All analyses are run using Rolloff’s defaults, with exception of the resolution being 0.5 cM instead of  1 cM.   I tested both values and didn’t notice the lower value increasing standard error, just conversely the lower resolution reduced it a bit.  I also noticed that Alder (another roll-off program) uses this lower value.   The lower the value is the more we get LD-transaction.  Too high resolution however increases statistic noise.   
These results were surprising, but the truth is that similar shared LD-tests obviously have never been done before regarding Finns, so I had no expectations.  I can only say that if someone sees these results unexpected, do not shoot the messenger, I prefer repeating my tests, perhaps under tighter quality control, if you wish.  I would be happy to see new results to evaluate possible differences. 

These results suggest that the Finnish genetic shape is an outcome of several migrations and admixture events, more than I could expect using PCA and formal admixture analyses based on averagely LD-pruned data.  The big genetic difference (in Fst-distances) between East and West Finland might be more due to the migration history than genetic drift.  Eastern Finnish results show rather young southeastern or eastern admixture history (Mordvas), while western results show older southern admixture (present-day Belarussians).  Both groups show also northeastern admixture (Mari->Saami?).  It is possible that those three populations are all proxies, most likely this is true in case of Belarussians. 

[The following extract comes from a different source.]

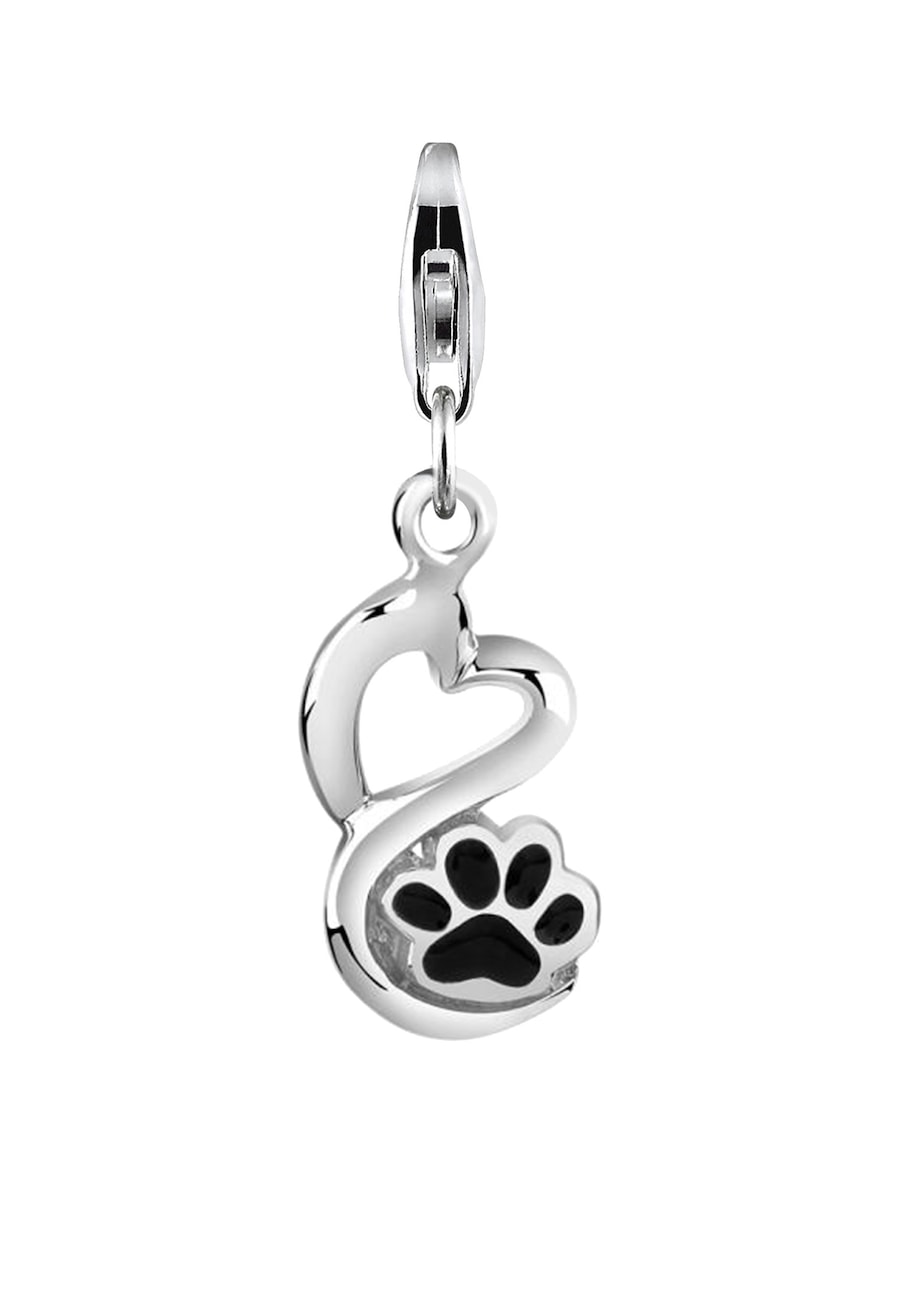 Nenalina Anhänger Herz Pfote Hund Tierliebe 925 Silber silberfarben Damen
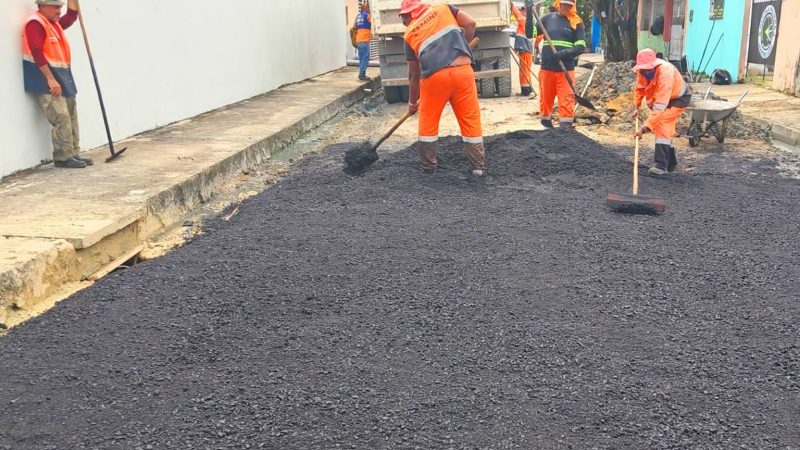 Prefeitura avança com obra de infraestrutura no bairro Cidade Nova e fortalece mobilidade na zona Norte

The common history with present Scandinavians is smaller and older than expected, but this doesn’t rule out possible ancient regional migrations from there to Finland.  Unfortunately I have not enough samples to check it and regarding Scandinavian migrations to Finland before the Swedish era in Finland my expectations are more focused at ancient genomes.  It is worth noticing that I removed all known foreign admixture, including obvious Finland-Swedish samples.  It was possible, thanks to my genealogical western Finnish data.

It looks like no particular Estonian migration existed to Finland since the common language diverged and southern migrations to Finland bypassed Estonia.  

I am going to find out admixture amounts in following analyses. 


Admixture times for Finnish people







Related roll-off graphics



Related PCA-plots

PCA dimensions 1 and 2

PCA dimensions 1 and 3









edit 9.11.14




I got yesterday a feedback that I could verify my results by checking the French admix among Finns.  My first thought was oh no,  I am not going to start qualifying the software which has been used in several academic studies.  It is in principle unfair to ask me to do such thing.  But then I rethought it.  Why not, but using Spaniards I could check if the admixture time fits to the Stone Age and to the times when southern migration waves expanded to Finland.  Here are the result. 
 
Admixture time   197.139  generations  +-55.497 = 5914 years +-1665 years.